By 1979, Stone was in charge of Coca-Cola promotions for the Moscow Olympics. But then the Soviets invaded Afghanistan, Washington forced U.S. companies to withdraw and she went back to the United States.

She spent the 1980s working almost exclusively on turbulent Latin American debt issues for Citibank, so, in a way, Russia's 1998 default was deja vu.

It also provided a chance to discuss better management practices with people who normally wouldn't give a ratings agency the time of day.

In late 2000, under Stone's leadership, the Moscow office launched a corporate governance rating, now a global product aimed more at equity investors. The office has five analysts devoted full time to the issue, and has rated 11 corporations, including Mobile TeleSystems and Aeroflot, rated 7.4 and 5.2, respectively, on a scale of 1 to 10.

Though she has been here since 1994, working first for a USAID-funded training program for bankers, Stone said she continues to adapt to certain business practices. For example, here people start work later, then burn the midnight oil. "If you organize a breakfast in Moscow at 8 a.m., it's mainly foreigners who show up," she said. Work is also a more social activity here, she said. "A very Russian thing to do is to take a break during the day and sit down over a glass of tea and have a conversation," she noted. "I learned it is not very friendly to take a cup of coffee and disappear into your office and close the door," a standard practice in the United States.

Some clients have yet to learn that commissioning S&P to issue a rating is not the same as buying a specific score, though it happens less now, Stone said.

To her regret, Russian business also revolves too much around paperwork. "There is a lot of formality here that doesn't exist in the West," she said. Bureaucracy is a bane, especially in large companies, Stone said, and -- worth noting, coming from an American -- she complains about the unusual importance of lawyers in every aspect of business negotiations. "I will never get used to signing acts," she says, referring to the redundant local form that must be signed when a contract is fulfilled.

Being a woman director is also a sensitive area in a business culture where men regularly display condescension toward female colleagues. "People react to me first as a foreigner, and then it's not as important whether I'm male or female. But I think it's very difficult for Russian women," Stone said. When she first started doing business here, however, people would take her for a secretary or a translator.

"There was always the embarrassing moment when you pushed your business card across the table and your counterpart understood that in fact you were the senior person," she said.

Her advice to other women is to establish a sense of presence. "It's important to be clear about who you are, who you represent ... and what your expectations are [from] any meeting."
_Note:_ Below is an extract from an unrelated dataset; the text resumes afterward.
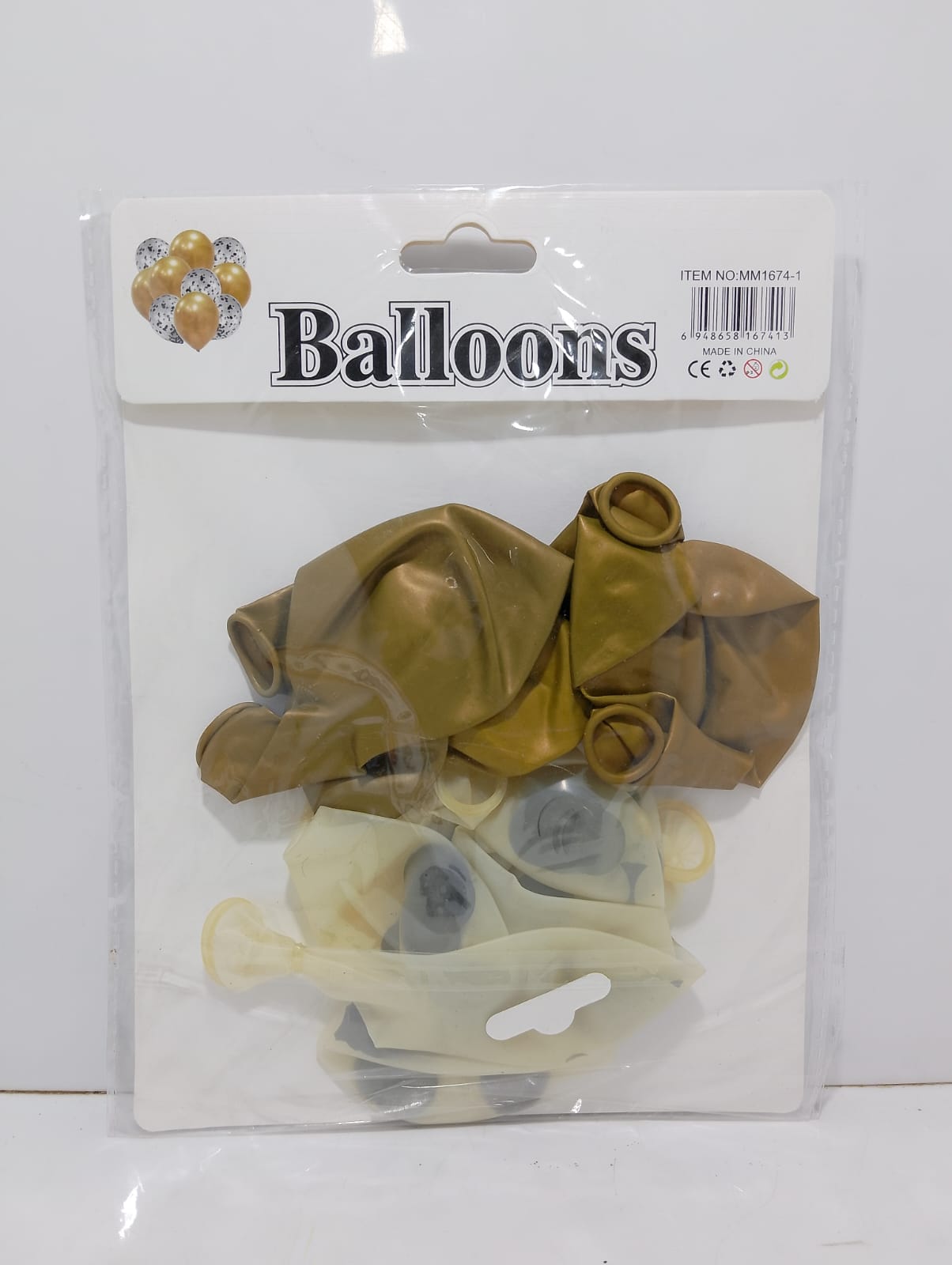 Premium Quality Latex Balloons Pack - Perfect for Parties, Celebrations, and Decorations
Stone is one of the few foreigners in her office. S&P now owns a majority share in EA Ratings, and all its services and staff have been integrated. Native Russian speakers make up almost all of the agency's staff of 35, including all 20 analysts. Committees that assign ratings, however, necessarily include foreign analysts who do not specialize in the local market because investors use the results for cross-border comparisons.
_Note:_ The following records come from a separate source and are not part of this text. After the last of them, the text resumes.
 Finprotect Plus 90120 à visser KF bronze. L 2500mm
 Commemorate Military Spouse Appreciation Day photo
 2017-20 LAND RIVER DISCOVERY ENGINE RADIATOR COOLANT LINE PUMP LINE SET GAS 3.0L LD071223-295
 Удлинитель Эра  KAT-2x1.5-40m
This is essential, because following locally generated indicators alone could prove risky. In his experience, Russian banks do not price risk well, said Hans Jochum Horn, Ernst & Young's managing partner for the CIS, pointing to "very small [bond] spreads."
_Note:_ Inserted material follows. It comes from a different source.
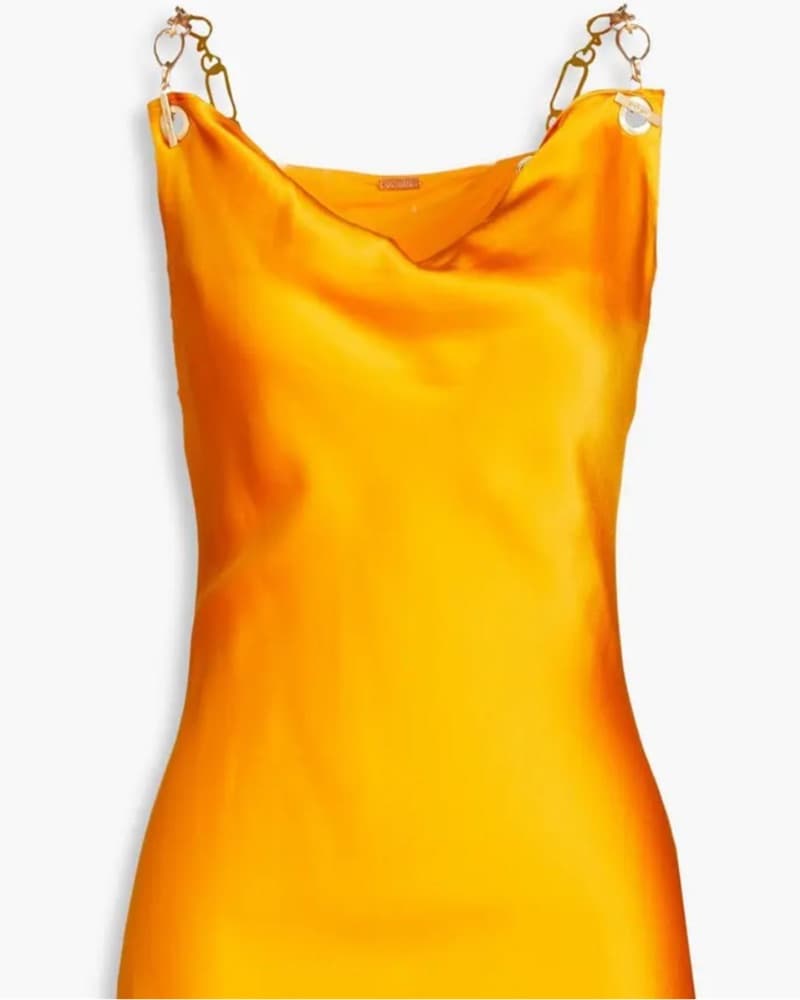Cult Gaia Dress Marigold - Image 3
"There is hardly any difference between quality and junk papers, [and] the result may very well be a 'mini-crisis' in the Russian banking system in a few years," Horn said. If so, proper rating skills would prove invaluable for entities that want to survive, though most companies in trouble would never go for a rating. S&P now serves about 100 clients, 56 of them at an international level -- mostly large corporations, banks and regions. Stone said S&P plans to rate more "second-tier companies" within three to five years.

Those companies might get an unusually discriminating judge. Decorators had to repaint the walls of Stone's apartment four times until they got just the right shade of ochre. It is the kind of precision the local markets could use if they are to avert a deja vu of their own.